I'm definitely in the latter group, but I can see how some market purists might believe in the first version.
emotional brainwashing(entertaintment, fear etc) people to buy stuff that they don't need. taking advantage of people's weakness. it's not like "this is our product, this is what it does, and this is the price of it" instead "your neighbour has this cool stuff but you don't means you are lesser person if you don't buy also", "if you don't buy this stuff, you won't get a girlfriend and die alone", "if you don't buy this stuff, you will miss out amazing opportunity of becoming rich and stuck as poor"
Ads per se are a fine alternative to pay for a website, the problem is when they are the most attractive option. Because them being the most attractive option usually means they are the only option, meaning they are also the only option for people that would be willing to pay to see no ads (me).

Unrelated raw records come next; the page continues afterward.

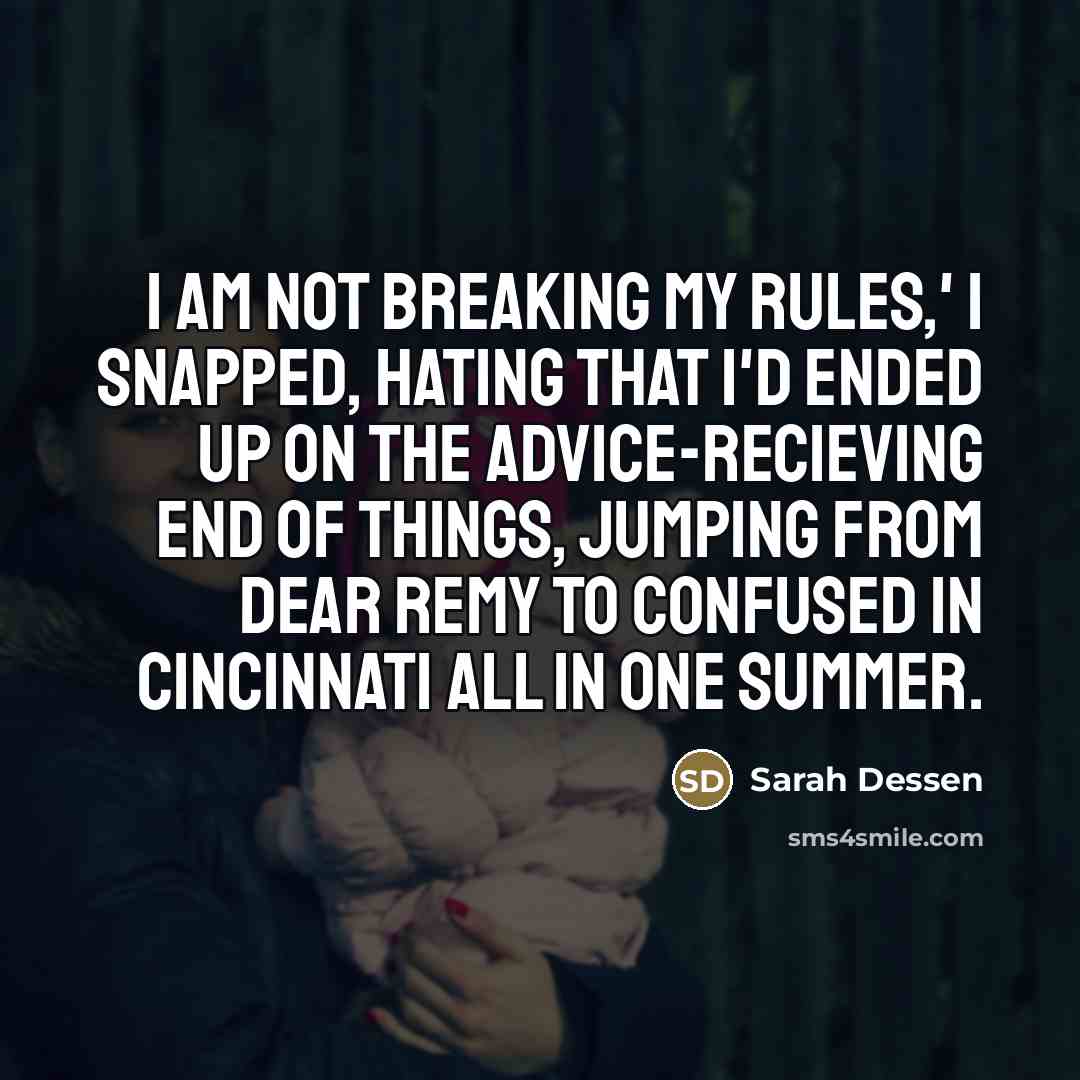 “I am not breaking my rules,' I snapped, hating that…” quote by Sarah Dessen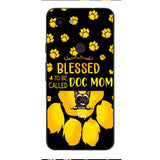 BLESSED TO BE CALLED DOG MOM PERSONALIZED PHONE CASE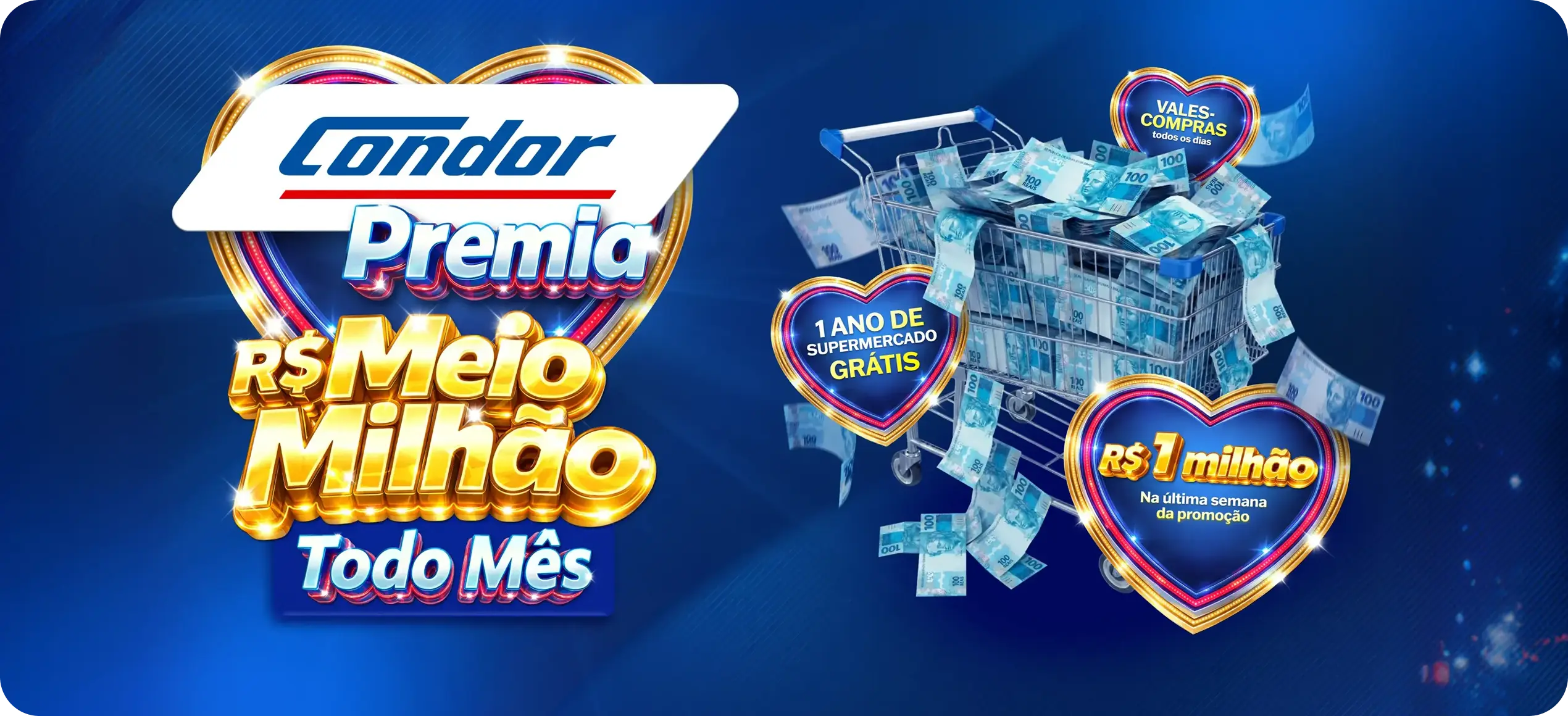 Condor premia com meio milhão um cliente por mês durante um ano e 1 milhão no último sorteio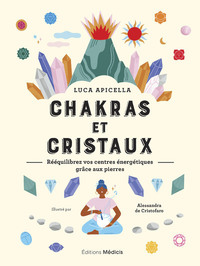 CHAKRAS ET CRISTAUX - REEQUILIBREZ VOS CENTRES ENERGETIQUES GRACE AUX PIERRES
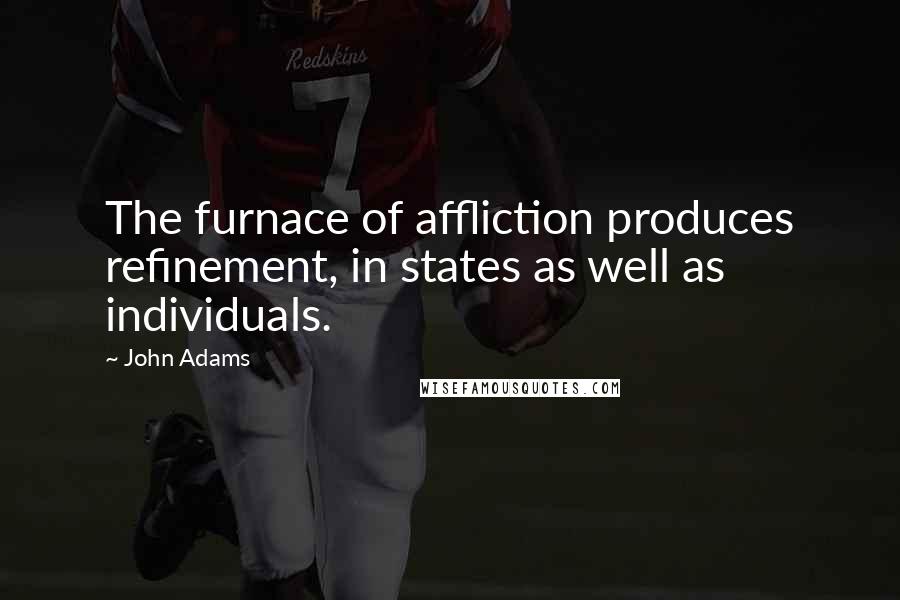 John Adams Quotes: The furnace of affliction produces refinement, in states as well as individuals.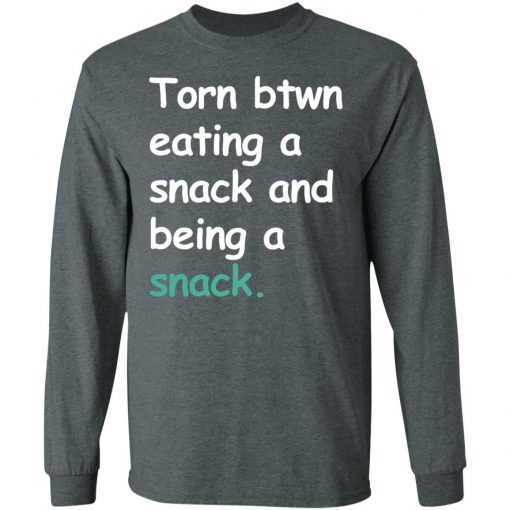 Torn Between Eating A Snack And Being A Snack Shirt Ls Hoodie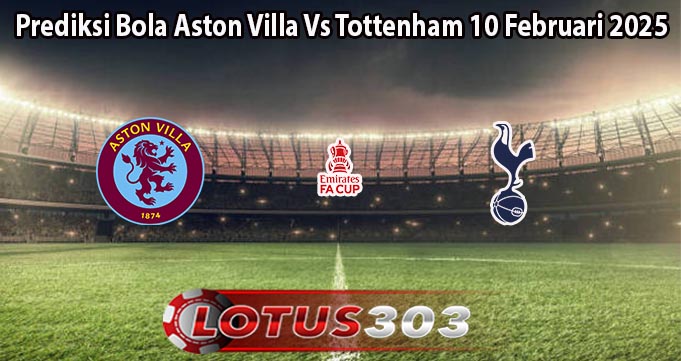 Prediksi Bola Aston Villa Vs Tottenham 10 Februari 2025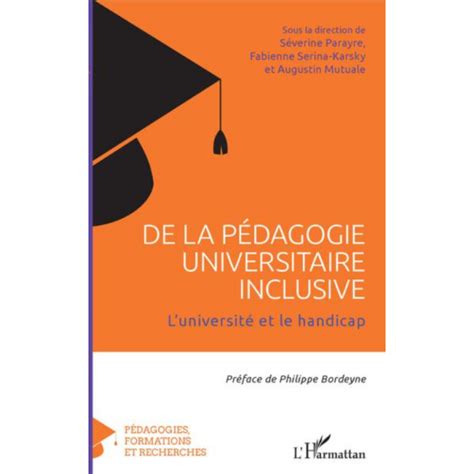 De la pédagogie universitaire inclusive L université et le handicap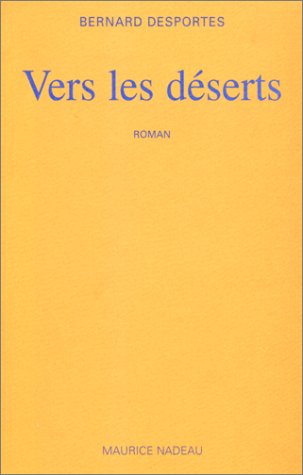 Vers les déserts
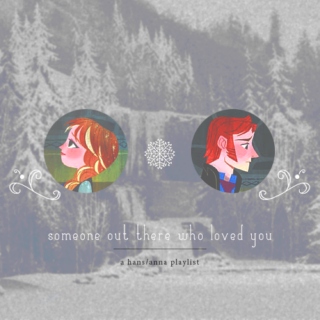 someone out there who loved you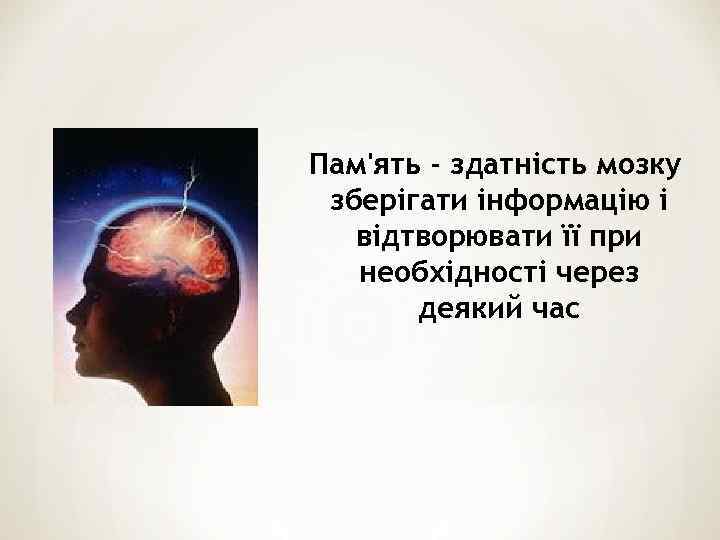  Пам'ять - здатність мозку зберігати інформацію і відтворювати її при необхідності через деякий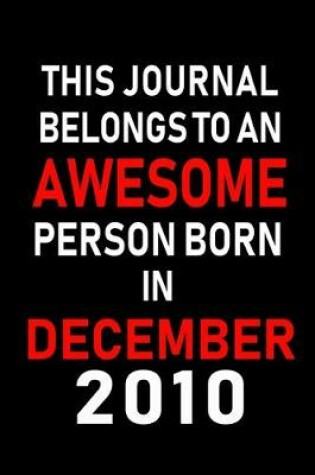 Cover of This Journal belongs to an Awesome Person Born in December 2010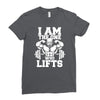 i am the one who lifts Ladies Fitted T-Shirt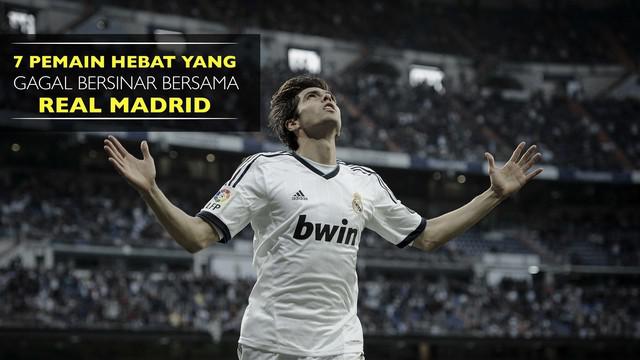 Video listikal 7 pesepak bola hebat yang kariernya tak cemerlang bersama Real Madrid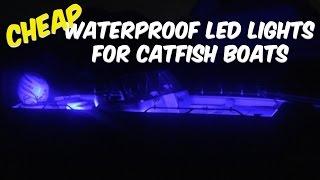 Waterproof LED Lights For Catfish Boats [Super Cheap]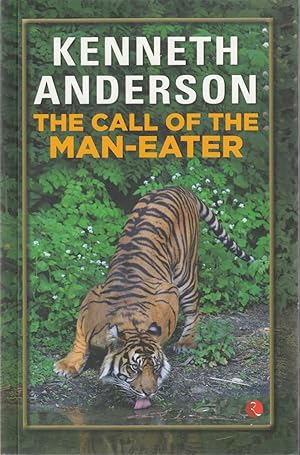 Seller image for THE CALL OF THE MAN-EATER. By Kenneth Anderson. for sale by Coch-y-Bonddu Books Ltd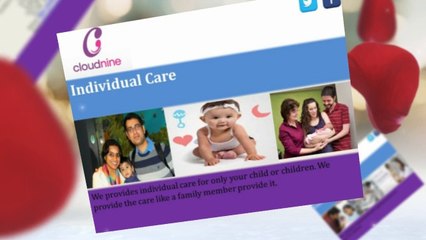 Cloud Nine Care provide world class childcare facility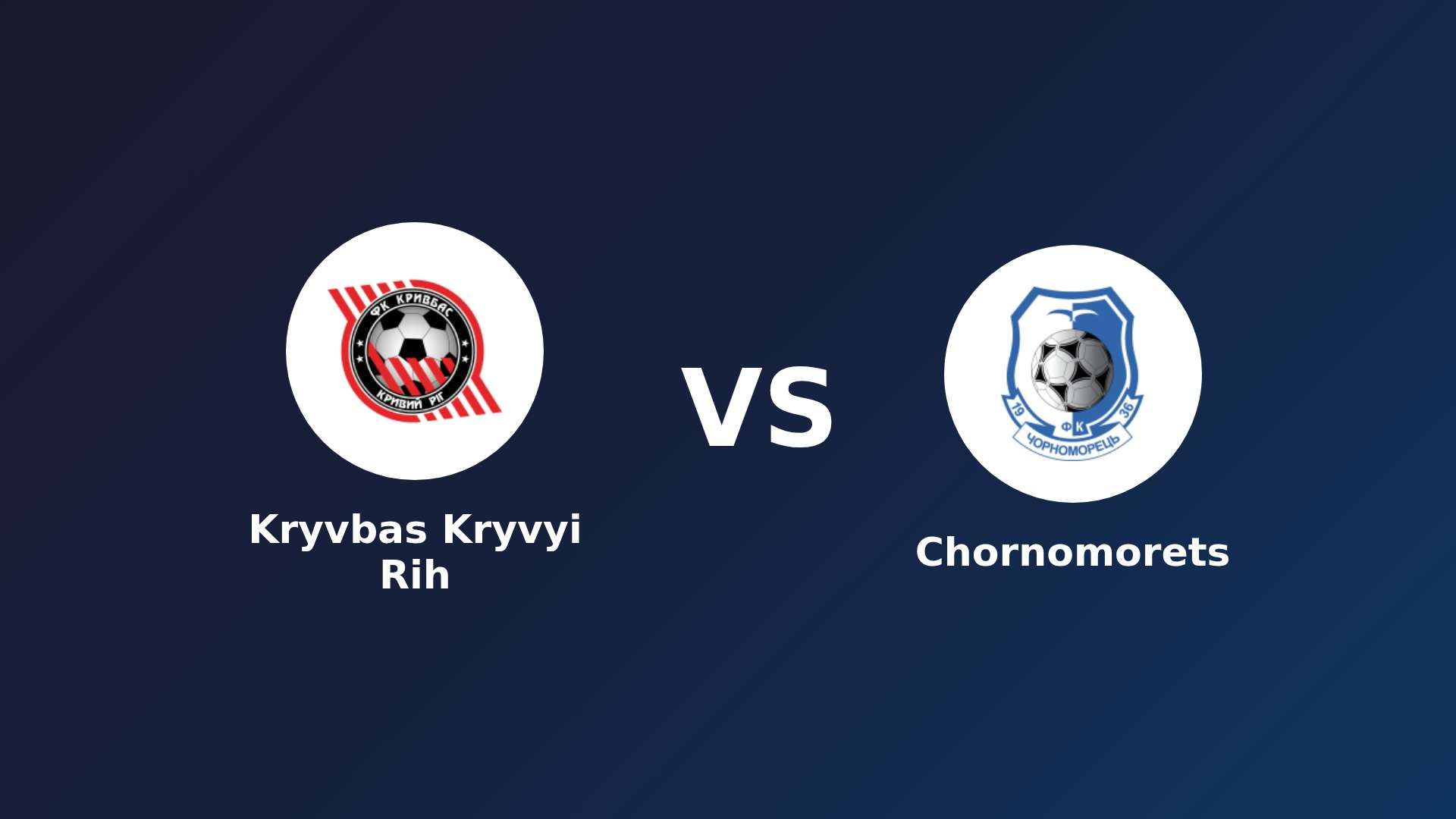 Kryvbas Kryvyi Rih vs Chornomorets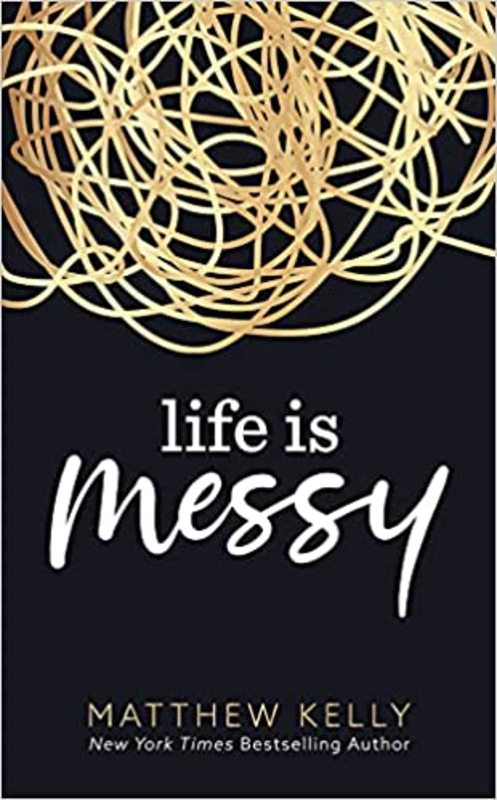 Book cover for "Life is Messy" by Matthew Kelly
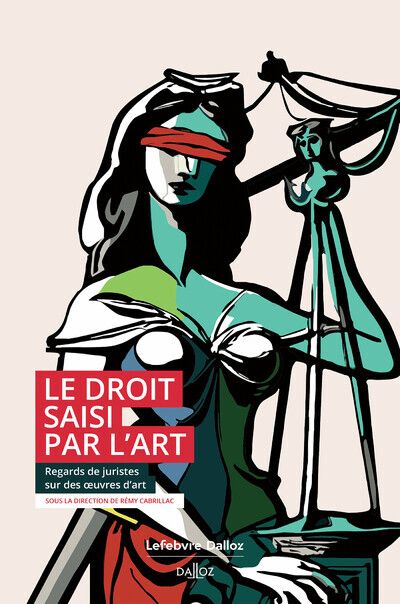 LE DROIT SAISI PAR L'ART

I see it like smoking. It should be legal, but there need to be laws in place preventing smokers from harming and annoying anyone that chooses not to smoke. Ads should be legal, but there need to be laws in place allowing people to completely avoid them by paying a fair price. Until this is the case and everyone can choose, making them unavoidable is morally wrong.
That is not what the article is about though. The article is about a new proposal which people are concerned would give Google even more leverage over how the web functions.